It started out at a normal April 15 tax day. For the last several years, my day starts off at the local Post Office with other Fairtax supporters. We line up on the sidewalk, hold signs, wave and tell people about the Fairtax. Later in the morning, I was joined on the radio program by a couple of state legislators, Sen. Chip Rogers and Rep. Tom Graves. Tom and Chip had been instrumental in moving the budget through the Georgia legislature. In this difficult time, they had managed to balance the budget, cut spending and pass tax cuts. Further, not one tax increase was passed this year.
As it turned out, Rogers and Graves were invited to speak at the Atlanta Tax Day Tea Party. Sean Hannity called into the program, too and we spent most of the program talking about the size of government and tax policy. I was scheduled to speak at the Gainesville, Georgia Tea Party that afternoon and then speak to group of business students at The University of Georgia about the Tea Parties, taxation and spending policies in the evening.
Sen. Rogers pointed out “this was the first time in his life he looked forward to April 15.” Not because he likes paying taxes, but because this April 15 was going to be a day of action across Georgia. Seven hundred or more Tax Day Tea Parties were held beginning at 7 am somewhere on the east coast and ending at 7 pm local time in Hawaii, the home state of our 44th president. Throughout the morning, the Paul Begala pit bulls were dispatched to discount the activities. The president tried to have his own Tax Day event talking about all the progress he’s made with the tax policy of this country.
What started out as a dare by Rick Santelli of CNBC in February may have turned out to be the beginning of something. The attendees of these Tea Parties were of all ages, backgrounds and income levels and they looked like America.
In Gainesville, Georgia, the organizers — libertycalls.org — thought there would be about 50 people there. When I arrived about 45 minutes before the event, there were already several hundred there. Many of these folks traveled an hour or more to get to Gainesville and were planning to continue on to Atlanta for the rally there later in the evening. This was old fashioned politicking with hand made signs and soap-box speeches.

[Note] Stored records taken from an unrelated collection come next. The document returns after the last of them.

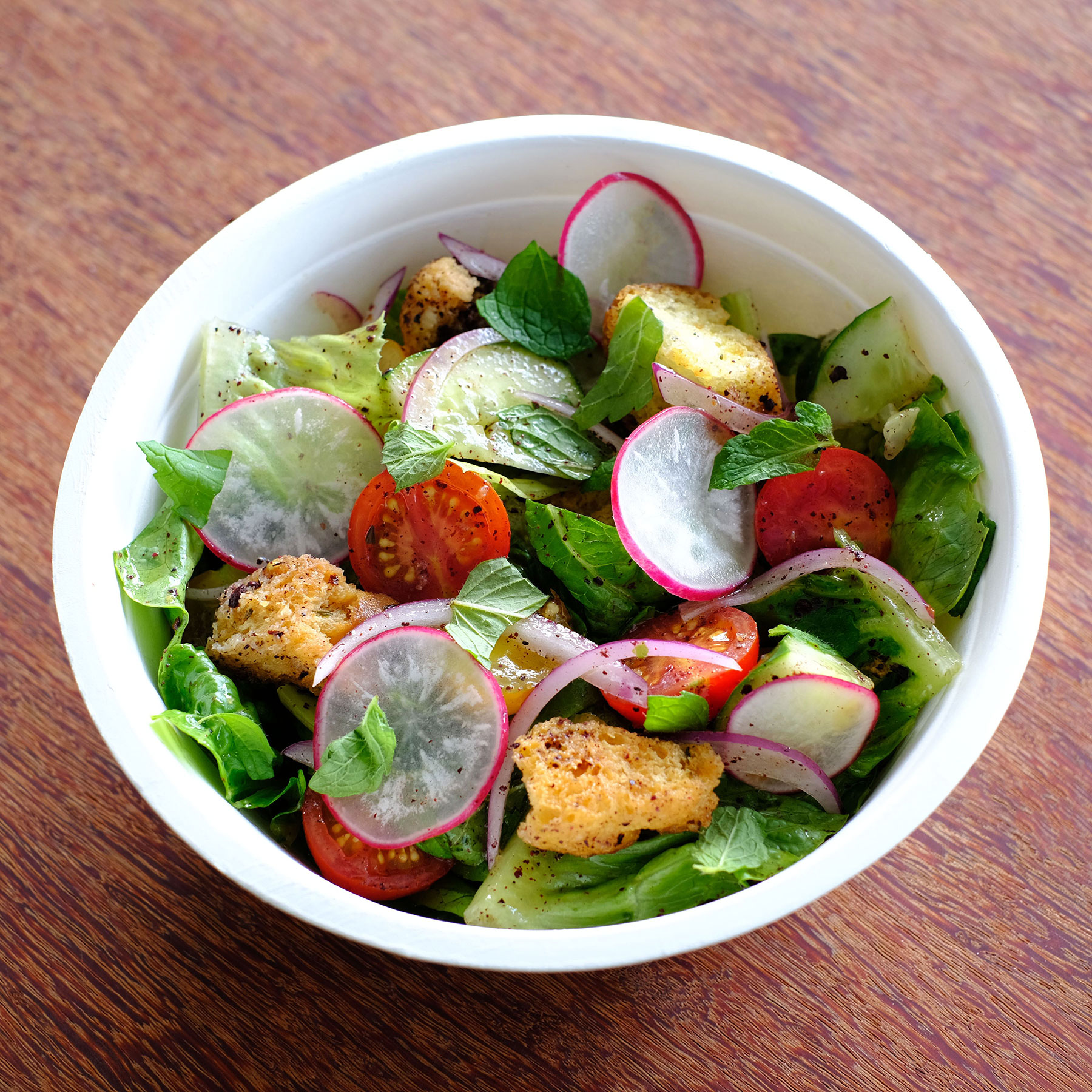Fattoush Salad - Photo: Artemis Grill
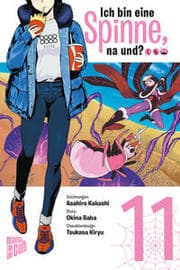 Cover von Ich bin eine Spinne, na und? 11
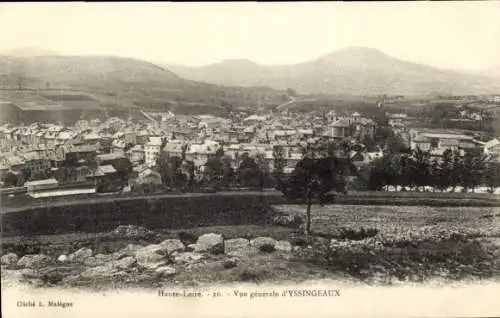 Ak Yssingeaux Haute Loire, Panorama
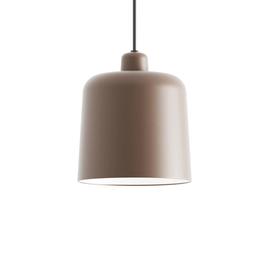 Luceplan Zile -riippuvalo, mattapunainen, Ø 20 cm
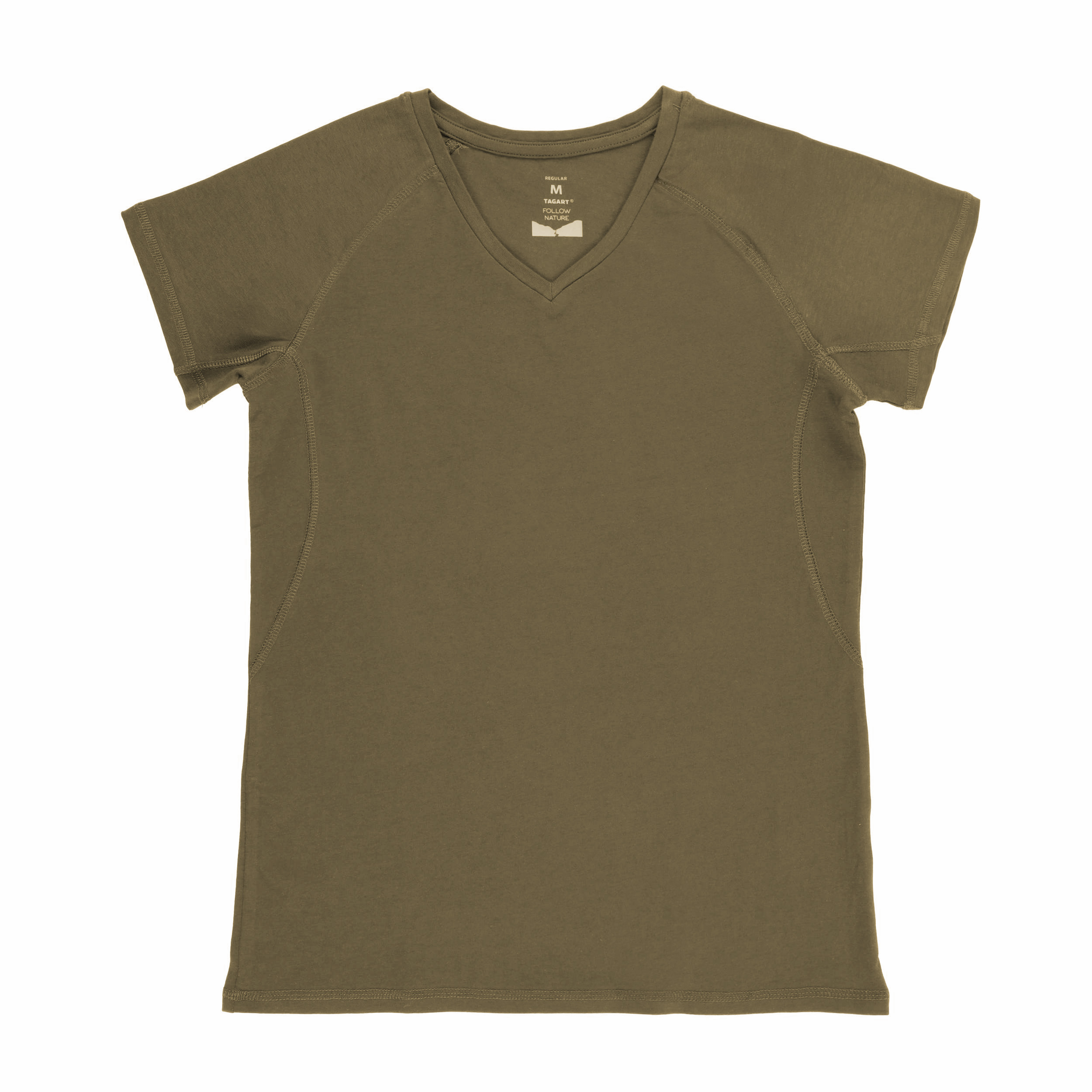 Koszulka damska Tagart FNT oliwkowa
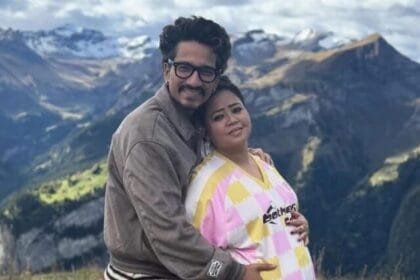 कॉमेडियन भारती सिंह ने शेयर की बेबी बम्प की तस्वीर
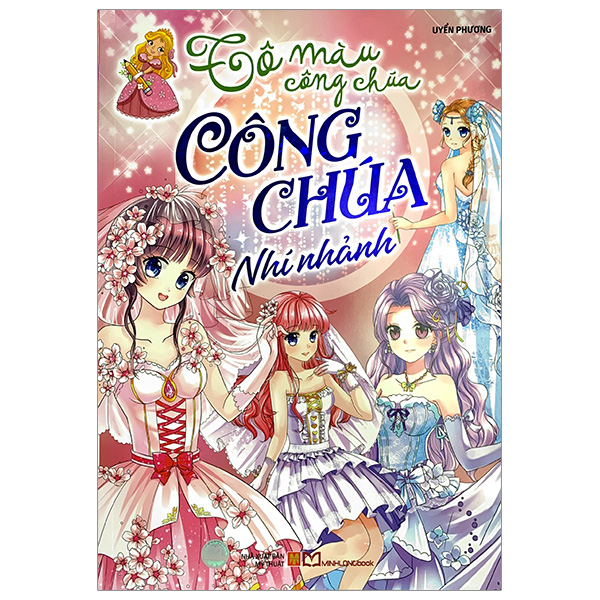 Tô Màu Công Chúa - Công Chúa Nhí Nhảnh (Tái Bản 2026)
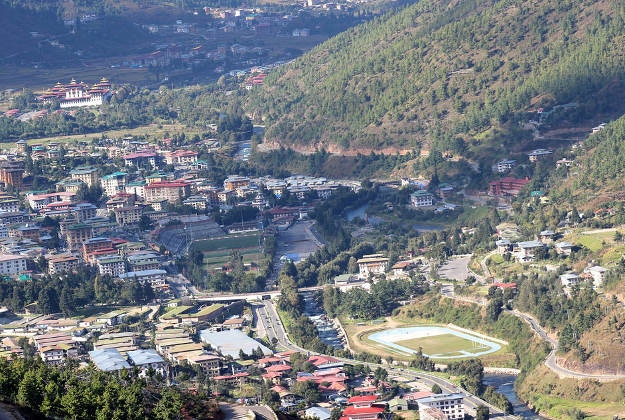 Thimphu, Bhutan.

When my turn came to speak, I kicked my shoes off and stepped up on the bench. By that time the crowd was close to 1000 people with others lining the streets waving their signs at the traffic. My goal was to impress upon them the continuation of this kind of activism coupled with letters to their representatives. My theme was, “It starts with your vote.”. You can’t just vote and go home, you have to keep pushing.
This was a home spun, home grown gathering. And they wanted answers. They wanted to know about local politics and how their money was being spent. They wanted to hold state legislators accountable. However, their primary goal was to get the federal government streamlined and a simpler, fairer tax system with the lowest rate possible. These were working folks and retired folks who don’t want to continue to bail out banks and deadbeats.

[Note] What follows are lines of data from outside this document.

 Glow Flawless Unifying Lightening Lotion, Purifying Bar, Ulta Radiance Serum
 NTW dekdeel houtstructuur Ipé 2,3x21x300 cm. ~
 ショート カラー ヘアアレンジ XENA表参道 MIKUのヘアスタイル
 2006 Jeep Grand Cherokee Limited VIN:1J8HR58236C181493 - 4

In the last election it is clear many Americans lack an understanding of economics and have little grasp of American history. That has to be changed and yesterday we started to change. For a generation, Americans have been made to feel that we were not worthy of all the great things this country has accomplished. We were lead to believe in the pop culture, they were some how ill-gotten gains.
We were told by the pundits and politicians we weren’t as good as we thought we were. These people would list all the problems with America rather than tempering them with the good that America does. The wonderful, average Americans around the country finally said “enough.” They took off from work and school; they picked up their children and grandchildren, loaded them in their SUV and headed to town to lift their voices.
As the president said on the campaign trail, “We are the ones we have been waiting for.” His words may become the battle cry of the Tea Party Movement — they are for me. We are the ones we have been waiting for. If we don’t take our country back, we have only ourselves to blame. Tax Day 2009 was a day for rhetoric and the measure of the success will be what happens next.